| Data to examine |
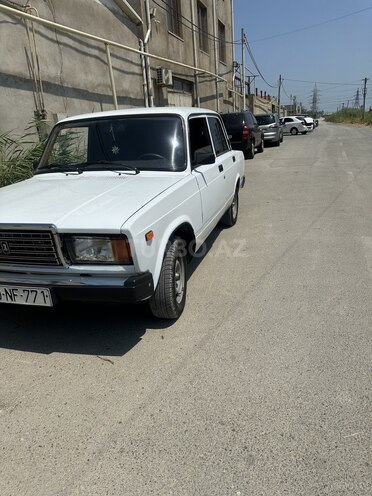 LADA (VAZ) 2107 2004, 372,940 km - 1.6 l - Bakı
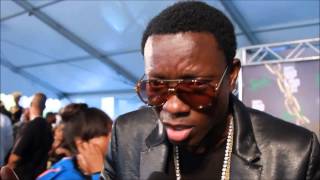 Michael Blackson GOES IN on Kevin Hart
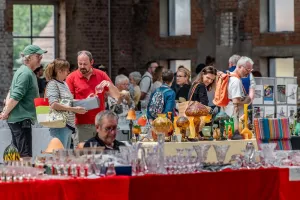 Brocante du Verre 2026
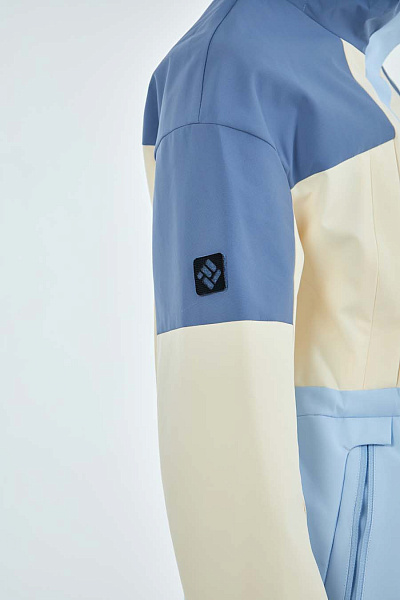 Ветровка Forcelab Голубой, 7066180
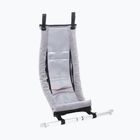 "Thule Infant Sling Coaster XT" dviračių priekabai skirtas hamakas pilkos spalvos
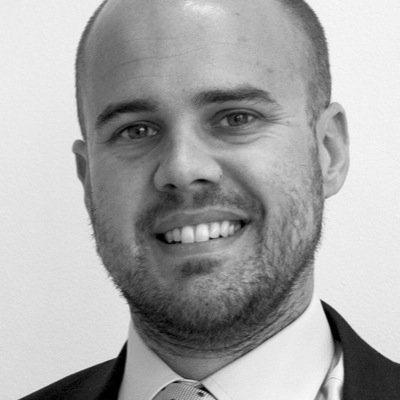 Profile Picture of Jonathan Shilling (@Shillster1) on Twitter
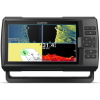 Ехолот-картплоттер Garmin Striker Vivid 9sv, GT52HW-TM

| Your instructions |
Please retype exactly the lines from the line containing "hamakas pilkos spalvos" through the final line of the records above, inclusive, leaving out any pictures.

| Response below |
 "Thule Infant Sling Coaster XT" dviračių priekabai skirtas hamakas pilkos spalvos
 Profile Picture of Jonathan Shilling (@Shillster1) on Twitter
 Ехолот-картплоттер Garmin Striker Vivid 9sv, GT52HW-TM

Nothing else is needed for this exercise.